Property-based testing
Specify invariants the output must always satisfy, then generate many inputs automatically and check the invariant on each.
Published June 26, 2026
How it works
Rather than hand-writing examples, you declare properties ('output is valid JSON matching the schema', 'the sum equals the total', 'no field is null') and let a generator hammer the system.
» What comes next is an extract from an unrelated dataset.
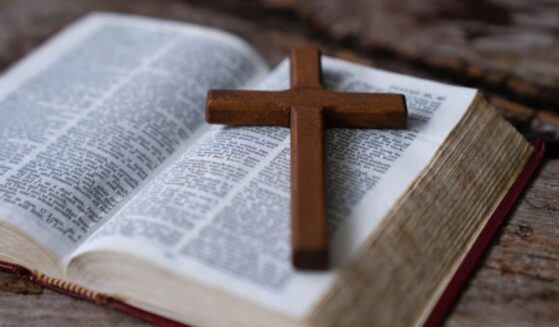 Crucifix sits at an angle on an opened Bible.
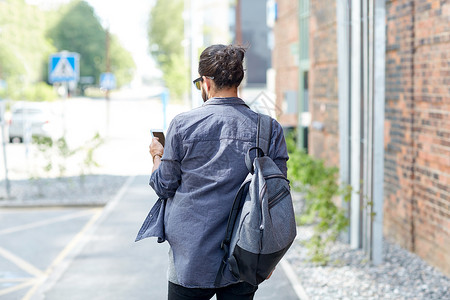 人技术旅行旅游带背包智能手机耳机的人沿着城市街道行走,听音乐图片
It scales coverage far beyond manual cases and shrinks failures to minimal reproductions.
When to use it
Structured output, tool/function calling, anything with checkable invariants.
Limitations
Only as good as the properties you state; semantic correctness often can't be captured as a simple invariant.
Method yield
- Findings
- 6
- Versions spanned
- 7
- Yield score
- 17
Severity-weighted across the published findings below. Why we measure this →
Findings it surfaces (6)
Documented failures this method catches — the evidence it works.
- Errors in multi-digit arithmeticMedium
Without tool use, models make systematic errors on multi-digit multiplication and long arithmetic.
How it found it: Invariant a*b == b*a and known products fail.
Reasoning - Date and duration arithmetic errorsLow
Models miscompute differences between dates, weekdays, and durations across boundaries like months and leap years.
How it found it: Generate date pairs; check against a real date library.
Reasoning - Miscounting items in long listsLow
Counts of items, occurrences, or matches in long inputs drift as list length grows.
Reasoning - Format-constraint violations under strict schemasMedium
Asked for strictly-formatted output (e.g. JSON to a schema), models emit invalid or extra content.
How it found it: Validate every output against the JSON schema.
Tool use - Hallucinated tool/function argumentsHigh
When calling tools, models invent argument values or call functions that weren't provided.
How it found it: Assert args satisfy the tool's schema and exist.
Tool use - Reasoning model regresses on tool use versus its base modelMedium
DeepSeek-R1 falls short of the base DeepSeek-V3 on function calling, multi-turn, complex role-play and JSON output — a reasoning-tuned model trading away tool-use reliability, later restored in R1-0528.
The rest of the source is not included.